US payment of $400 million of Iranian money which sparked outcry among American politicians was followed by another transfer of $1.3 billion, it has been reported.
The total sum of $1.7 billion was related to an arms deal that Iran signed before 1979 when the Shah was a close ally of the United States but Washington was refusing to give it back.
When the news of the Obama administrations $400 million payoff was first broken it set off a firestorm in the United States.
The partisan bickering which followed the payment was so intense that few people asked about what happened to the balance of the Iranian money.
US government officials have now revealed that the remaining $1.3 billion was sent less than two months after Iran received the first installment in cash in January.
"Iran received the balance of $400 million in the Trust Fund as well as roughly $1.3 billion representing a compromise on the interest," US Assistant Secretary of State for Legislative Affairs Julia Frifield has said.
The payment was confirmed by the State Department official to The Weekly Standard, an opinion magazine published by the American mass media behemoth News Corporation reported on Tuesday.
Wooden pallets stacked with euros, Swiss francs and other currencies were flown into Iran in an unmarked cargo plane to cover the first $400 million.
Although the "mechanics" of the second payoff was not confirmed, it was most likely made in cash since the US has no banking relationship with Tehran, The Weekly Standard speculated.
The reason that we had to give them cash is precisely because we are so strict in maintaining sanctions and we dont have a banking relationship with Iran that we couldnt send them a check, President Barack Obama said early this month.
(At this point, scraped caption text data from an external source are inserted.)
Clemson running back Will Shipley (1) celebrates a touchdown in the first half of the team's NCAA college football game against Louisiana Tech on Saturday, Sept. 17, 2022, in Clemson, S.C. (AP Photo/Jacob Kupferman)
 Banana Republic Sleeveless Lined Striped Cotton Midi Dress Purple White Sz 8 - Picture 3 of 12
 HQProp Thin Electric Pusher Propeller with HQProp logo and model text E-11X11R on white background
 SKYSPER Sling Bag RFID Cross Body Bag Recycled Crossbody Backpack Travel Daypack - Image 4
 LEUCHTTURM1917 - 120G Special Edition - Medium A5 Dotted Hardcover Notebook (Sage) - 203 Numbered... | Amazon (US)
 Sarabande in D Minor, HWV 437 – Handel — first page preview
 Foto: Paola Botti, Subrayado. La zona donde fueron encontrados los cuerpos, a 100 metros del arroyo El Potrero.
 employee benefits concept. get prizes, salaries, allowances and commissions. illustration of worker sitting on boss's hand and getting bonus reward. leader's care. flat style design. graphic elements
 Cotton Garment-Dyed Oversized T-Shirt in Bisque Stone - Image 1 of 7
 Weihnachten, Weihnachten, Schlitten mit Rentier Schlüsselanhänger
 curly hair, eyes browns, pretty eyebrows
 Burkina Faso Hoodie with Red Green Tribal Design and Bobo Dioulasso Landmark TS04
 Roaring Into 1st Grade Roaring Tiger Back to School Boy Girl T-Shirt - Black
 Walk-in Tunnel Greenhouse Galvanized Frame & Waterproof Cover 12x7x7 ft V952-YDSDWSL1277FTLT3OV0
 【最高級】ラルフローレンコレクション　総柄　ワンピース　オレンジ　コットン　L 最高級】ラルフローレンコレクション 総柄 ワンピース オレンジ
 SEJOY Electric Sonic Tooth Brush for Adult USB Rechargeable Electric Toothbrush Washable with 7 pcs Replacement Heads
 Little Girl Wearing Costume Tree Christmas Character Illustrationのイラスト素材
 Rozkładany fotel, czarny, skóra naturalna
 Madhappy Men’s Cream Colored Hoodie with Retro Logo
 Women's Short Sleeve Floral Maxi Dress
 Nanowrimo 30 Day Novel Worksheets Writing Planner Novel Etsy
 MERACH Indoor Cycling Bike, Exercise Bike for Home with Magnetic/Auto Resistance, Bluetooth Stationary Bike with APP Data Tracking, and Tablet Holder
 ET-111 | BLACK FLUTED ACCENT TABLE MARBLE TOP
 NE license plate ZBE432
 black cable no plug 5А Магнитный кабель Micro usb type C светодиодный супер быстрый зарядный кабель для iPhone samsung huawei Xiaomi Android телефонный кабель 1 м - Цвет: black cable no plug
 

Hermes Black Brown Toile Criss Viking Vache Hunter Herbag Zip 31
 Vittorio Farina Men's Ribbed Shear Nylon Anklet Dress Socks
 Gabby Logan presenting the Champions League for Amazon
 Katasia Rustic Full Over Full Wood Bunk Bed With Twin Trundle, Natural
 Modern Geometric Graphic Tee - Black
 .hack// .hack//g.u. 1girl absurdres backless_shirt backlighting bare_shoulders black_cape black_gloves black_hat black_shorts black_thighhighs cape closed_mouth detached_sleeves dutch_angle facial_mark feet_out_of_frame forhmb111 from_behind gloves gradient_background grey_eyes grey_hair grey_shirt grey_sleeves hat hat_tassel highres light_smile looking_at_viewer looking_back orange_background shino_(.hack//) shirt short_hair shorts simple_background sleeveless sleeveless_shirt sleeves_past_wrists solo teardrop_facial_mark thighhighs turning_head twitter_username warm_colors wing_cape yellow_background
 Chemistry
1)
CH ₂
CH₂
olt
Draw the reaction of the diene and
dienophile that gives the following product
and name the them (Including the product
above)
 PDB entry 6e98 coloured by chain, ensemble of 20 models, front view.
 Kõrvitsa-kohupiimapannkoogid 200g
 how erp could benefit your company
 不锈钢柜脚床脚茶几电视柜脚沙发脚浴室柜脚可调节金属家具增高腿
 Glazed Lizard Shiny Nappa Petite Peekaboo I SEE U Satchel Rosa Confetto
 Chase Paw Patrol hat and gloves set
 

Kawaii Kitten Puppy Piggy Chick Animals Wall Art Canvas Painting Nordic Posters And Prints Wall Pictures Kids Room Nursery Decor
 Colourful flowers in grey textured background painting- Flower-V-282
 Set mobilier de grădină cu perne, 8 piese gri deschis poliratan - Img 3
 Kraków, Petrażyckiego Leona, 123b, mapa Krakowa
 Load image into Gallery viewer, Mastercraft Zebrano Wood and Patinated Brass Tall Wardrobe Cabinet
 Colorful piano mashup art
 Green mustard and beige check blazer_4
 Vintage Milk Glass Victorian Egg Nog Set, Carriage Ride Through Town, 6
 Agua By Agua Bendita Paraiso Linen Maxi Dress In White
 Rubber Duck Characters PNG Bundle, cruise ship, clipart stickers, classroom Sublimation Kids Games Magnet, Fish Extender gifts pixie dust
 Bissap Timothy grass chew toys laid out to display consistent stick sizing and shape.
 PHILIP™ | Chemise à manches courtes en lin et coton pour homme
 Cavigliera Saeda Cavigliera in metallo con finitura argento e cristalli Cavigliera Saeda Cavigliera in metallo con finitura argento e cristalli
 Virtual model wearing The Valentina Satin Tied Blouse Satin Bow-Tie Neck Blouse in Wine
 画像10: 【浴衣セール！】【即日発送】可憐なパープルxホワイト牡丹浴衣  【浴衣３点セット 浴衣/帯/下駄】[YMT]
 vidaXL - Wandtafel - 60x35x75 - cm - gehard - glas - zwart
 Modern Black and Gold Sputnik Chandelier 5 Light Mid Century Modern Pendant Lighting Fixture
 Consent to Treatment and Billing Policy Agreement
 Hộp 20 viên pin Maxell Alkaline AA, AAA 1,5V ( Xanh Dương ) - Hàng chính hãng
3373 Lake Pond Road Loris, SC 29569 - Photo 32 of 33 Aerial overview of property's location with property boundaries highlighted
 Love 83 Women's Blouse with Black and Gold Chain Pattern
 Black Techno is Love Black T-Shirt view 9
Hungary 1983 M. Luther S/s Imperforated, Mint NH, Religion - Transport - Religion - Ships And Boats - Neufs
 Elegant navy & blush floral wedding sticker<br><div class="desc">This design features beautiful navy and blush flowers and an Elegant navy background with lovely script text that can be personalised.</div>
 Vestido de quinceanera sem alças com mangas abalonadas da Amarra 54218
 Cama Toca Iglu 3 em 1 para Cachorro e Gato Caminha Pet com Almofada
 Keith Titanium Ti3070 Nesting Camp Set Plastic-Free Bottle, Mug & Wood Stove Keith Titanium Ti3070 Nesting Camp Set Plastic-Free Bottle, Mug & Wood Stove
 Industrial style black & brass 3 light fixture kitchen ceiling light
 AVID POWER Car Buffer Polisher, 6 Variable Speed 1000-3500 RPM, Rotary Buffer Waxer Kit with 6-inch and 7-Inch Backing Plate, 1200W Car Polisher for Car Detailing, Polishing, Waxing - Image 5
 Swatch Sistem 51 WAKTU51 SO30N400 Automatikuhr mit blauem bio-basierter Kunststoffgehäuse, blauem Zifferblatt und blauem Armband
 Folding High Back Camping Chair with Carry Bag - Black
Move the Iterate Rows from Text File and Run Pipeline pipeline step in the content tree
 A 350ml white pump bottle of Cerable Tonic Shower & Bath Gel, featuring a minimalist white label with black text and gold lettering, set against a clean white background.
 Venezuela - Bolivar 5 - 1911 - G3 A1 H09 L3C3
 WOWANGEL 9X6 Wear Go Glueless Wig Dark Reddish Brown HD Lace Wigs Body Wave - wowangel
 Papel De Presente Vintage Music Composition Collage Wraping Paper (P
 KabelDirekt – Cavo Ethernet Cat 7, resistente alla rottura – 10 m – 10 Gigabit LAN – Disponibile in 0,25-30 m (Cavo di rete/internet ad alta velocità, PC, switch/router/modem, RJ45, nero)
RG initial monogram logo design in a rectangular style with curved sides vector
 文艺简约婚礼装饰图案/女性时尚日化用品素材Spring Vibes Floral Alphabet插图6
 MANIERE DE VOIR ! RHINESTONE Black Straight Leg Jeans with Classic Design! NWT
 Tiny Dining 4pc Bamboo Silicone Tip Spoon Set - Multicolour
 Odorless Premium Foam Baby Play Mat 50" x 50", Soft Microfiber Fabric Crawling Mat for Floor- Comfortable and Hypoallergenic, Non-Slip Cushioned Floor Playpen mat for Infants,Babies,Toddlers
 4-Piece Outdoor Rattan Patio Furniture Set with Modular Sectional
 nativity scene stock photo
A number of US politicians have accused Obama of paying "ransom" even though the money belonged to Iran.
Both Iranian and US government officials have stressed that the payment was unrelated to the nuclear deal struck with the Islamic Republic in July.
The sum returned to Iran, however, constitutes a fraction of tens of billions of dollars of the Iranian assets which the US has blocked since the Islamic Revolution.
In April, the US Supreme Court ruled that Iran's $2 billion of assets held in an American bank be turned over to families of those killed in a 1983 bombing in Beirut and other attacks which Tehran says have nothing to do with it.
Foreign Minister Mohammad Javad Zarif denounced the seizure as highway robbery and pledged that Iran would retrieve the sum anyway.